I write as Mojoey for a reason. It has little to do with friends and family finding out that I am an Atheist. Heck, even the people I work with know I am an Atheist. I write anonymously because I work in IT. Over the years I've acquired a lot of different skills. IT Security being one of them. When I started blogging, I did so to vent while in graduate school. I had no concept of audience, or even that I would eventually focus on Atheism. I did understand that my name would follow everything I posted. I knew that unscrupulous people would use my name and information from my blog to make my life hell. Identify theft, phishing, social engineering, all of these things are very real possibilities. So, I stick with Mojoey on the blog. For email communications with blogroll members, I choose to use my real name.
I am happy with using Mojoey for another reason. With over three years of heavy blogging behind me, I have collected several dozen death threats. I would rather they kill Mojoey, I hear he lives down the street.

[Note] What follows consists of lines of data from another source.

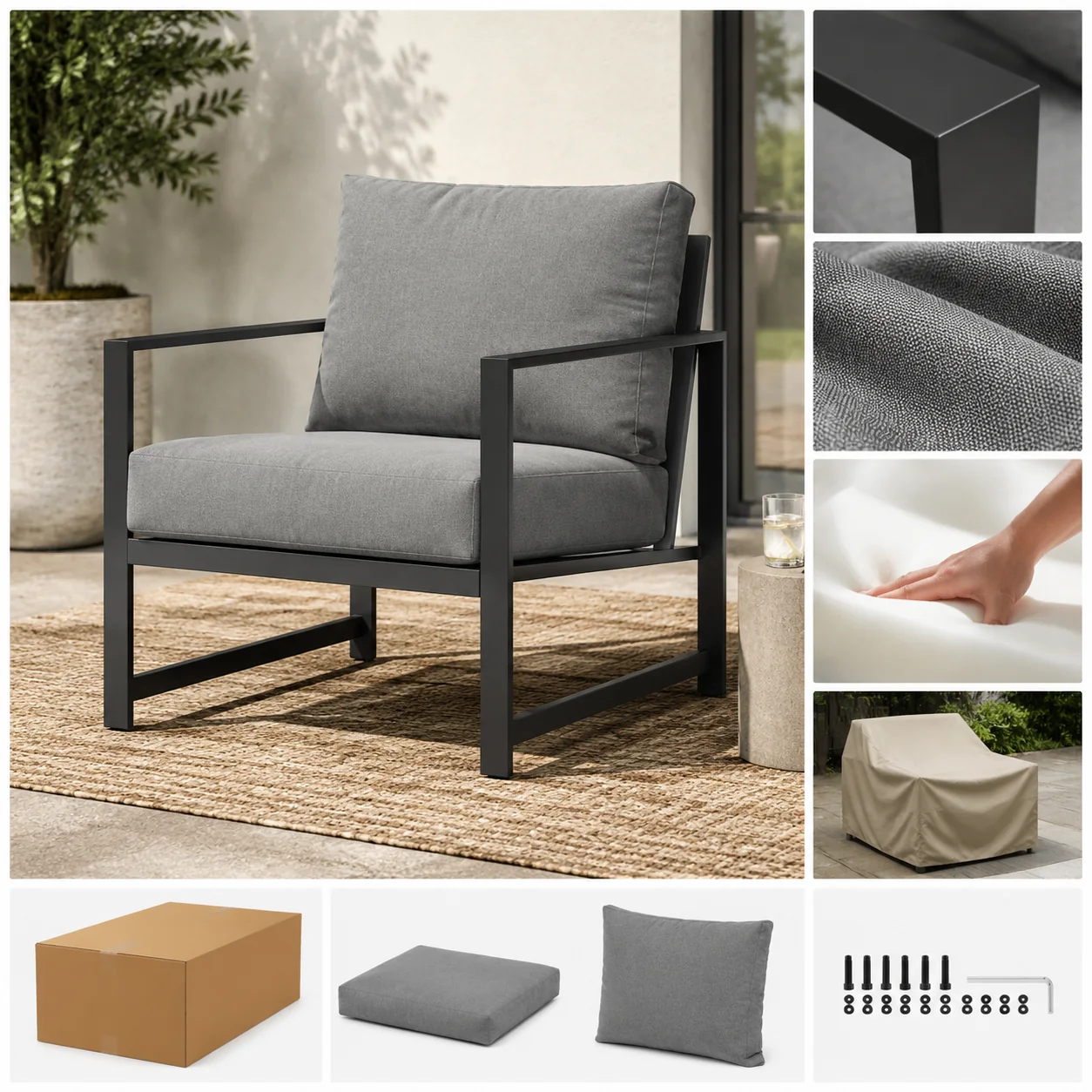 Teravuq Outdoor Conversation Chair with Cushions - Image 4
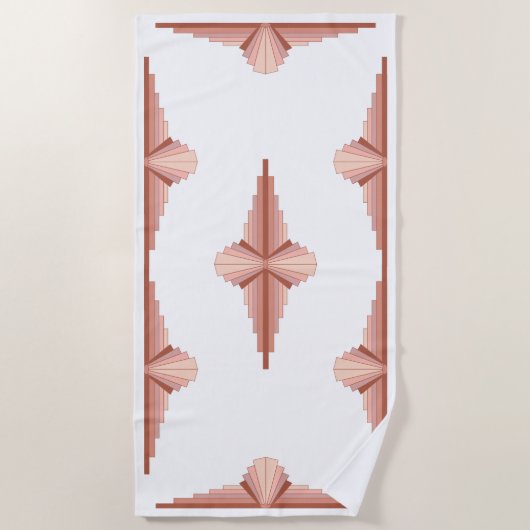 Serviette De Plage Éléments Art déco dans une palette d'or rose (Devant)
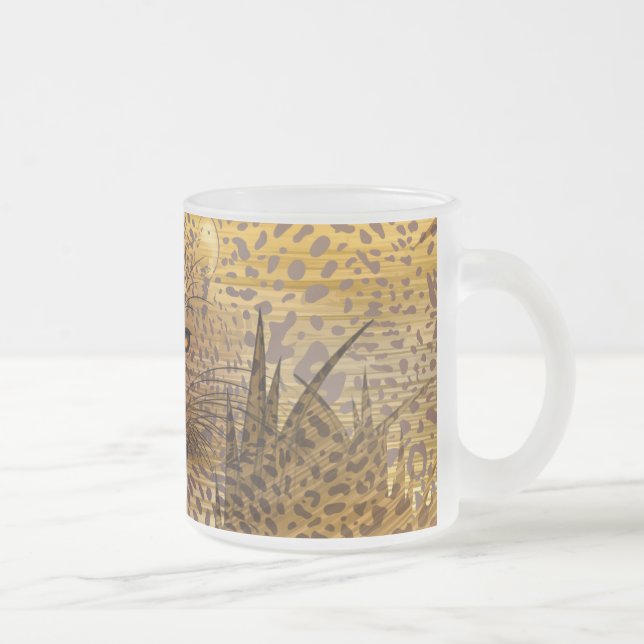 Leopard Territory 1 Frosted Glass Coffee Mug (Right)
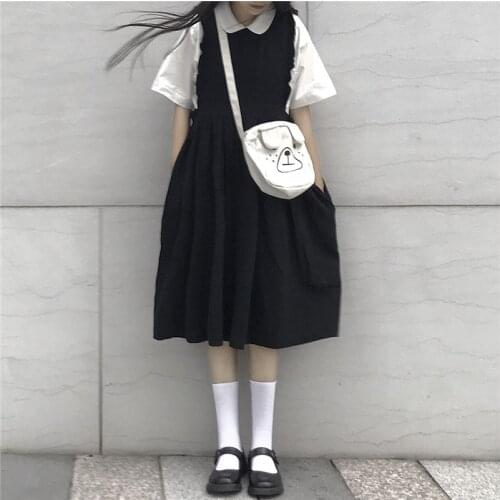 2020New Womens Korean-Style Doll Collar Shirt + Vintage Black Midi Vest Dress Summer japanese fashion school girl uniform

The Friendly Atheist, Hemant Mehta, has a post on this subject. He prefers using his name. It is a mixed bag in the comment thread.
5 comments:
I bet you can guess which side I'm on! :) It's for all the above reasons. The reasons that you provide (id theft, etc), and who finds it.

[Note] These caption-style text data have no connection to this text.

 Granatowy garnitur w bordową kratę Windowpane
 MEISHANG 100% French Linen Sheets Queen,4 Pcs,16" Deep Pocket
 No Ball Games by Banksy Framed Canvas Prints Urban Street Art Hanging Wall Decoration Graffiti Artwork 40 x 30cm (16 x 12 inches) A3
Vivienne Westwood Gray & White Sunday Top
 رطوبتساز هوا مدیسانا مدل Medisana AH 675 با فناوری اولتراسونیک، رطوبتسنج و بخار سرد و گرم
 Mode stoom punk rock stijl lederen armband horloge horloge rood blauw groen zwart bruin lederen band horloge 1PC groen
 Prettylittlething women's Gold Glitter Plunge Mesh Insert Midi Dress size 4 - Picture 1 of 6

You've been tagged. If you'd like to play along, please stop by Fishwars on Cars and read all about it.
The disadvantage of a nick is that you can keep your mistakes at one remove, and so are less impacted by them. When you use your own name you are forever accountable. This prompts self-analysis and hopefully improvement. There are different levels of anonymity. The posting of a pic makes a nick more of a functional add-on than a disguise. Its a hard call but in the end it has most to do with how much a person is prepared to risk.
As moronic as it is to martyr yourself for an invisible guy in the sky, it's that much more moronic to martyr yourself over the lack of one.

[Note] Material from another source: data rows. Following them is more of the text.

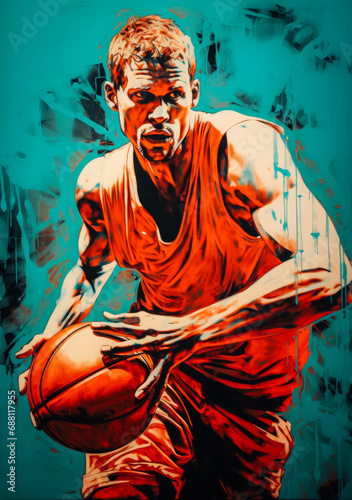 Turquoise Slam  A vibrant pop art depiction of a basketball player in dynamic motion  capturing energy and athleticism. Generated AI.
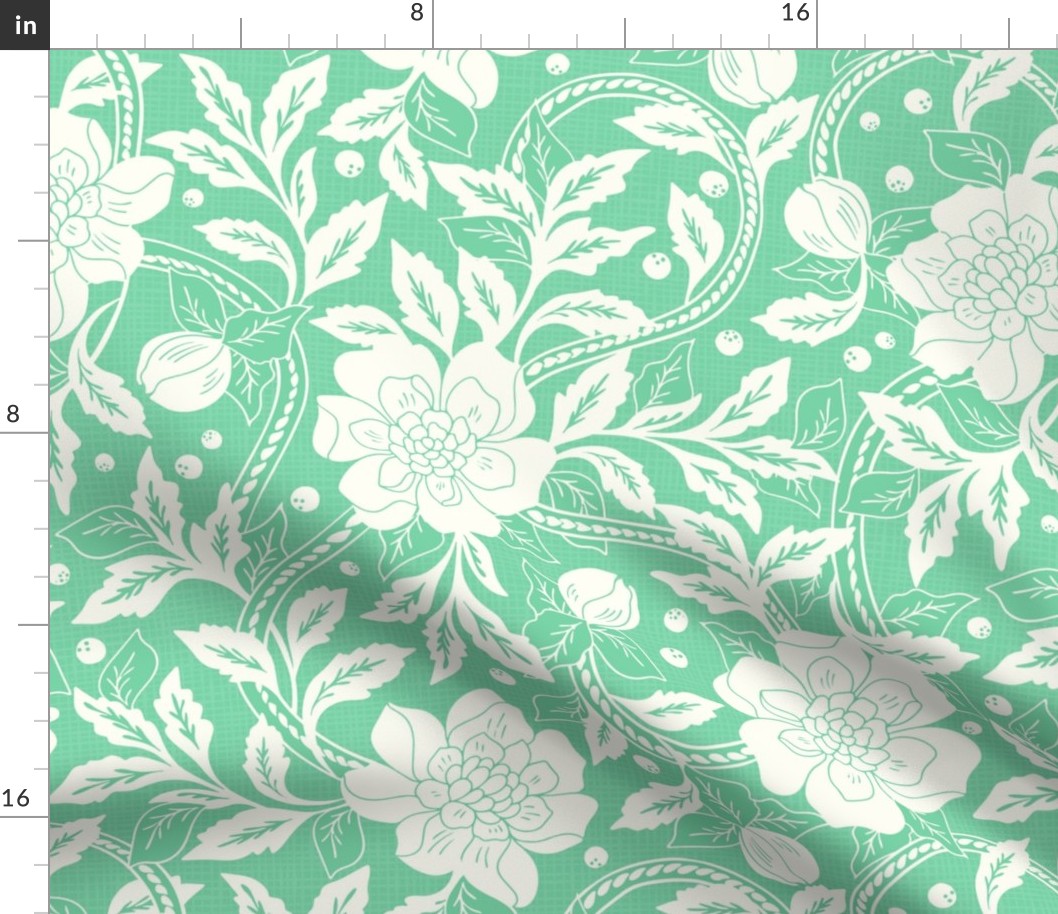 Victorian Florals Camellias Vintage Green by Jac Slade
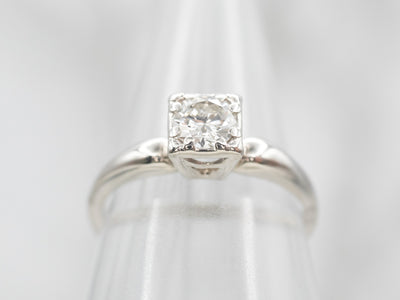 Platinum European Cut Diamond Solitaire Engagement Ring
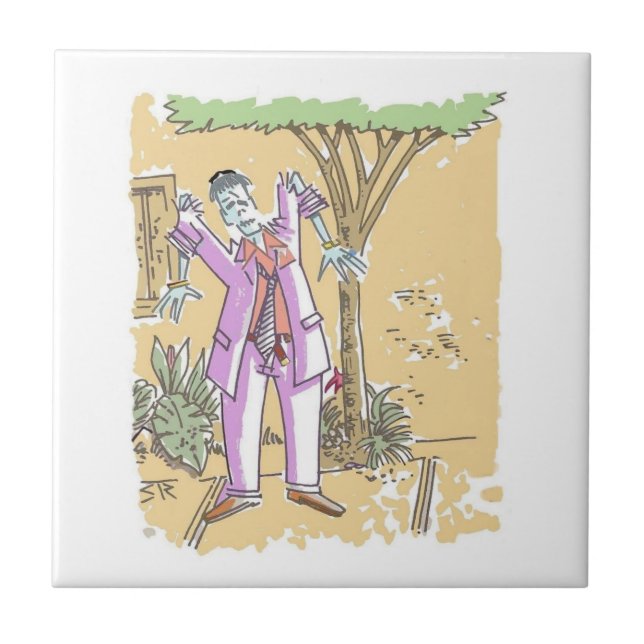 De Cerâmica Pequeno azulejo Zombie (Frente)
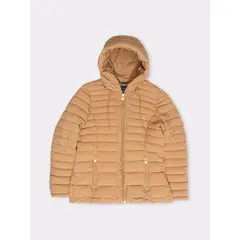 TOMMY HILFIGER - Chaqueta naranja acolchada ligera con capota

My daughter just started up an art blog and she was debating the name thing also. She mentioned that quite a few of her university buds run blogs in their first and last names. You don't have to be Professor Bainbridge to stick your name on a blog. Nobody graduates from anon to real name use on the web as a matter of merit. Journalists use their own name. One had a lead post on the Guardian blog recently and got abused in every way imaginable on a very long comment thread. I suppose that might upset his granny or make some family member adopt a prejudice toward him, but point is, he can take it. I admire that. Some people are just too precious. On the other hand if you have legit reasons i.e. being written out of a will when the old man finds out you're an atheist, fired or otherwise damaged by own-name use, or security concerns such as Joey mentioned, then it might indeed be a tad moronic to use your own name. Everyone's situation is different and you can only judge for yourself.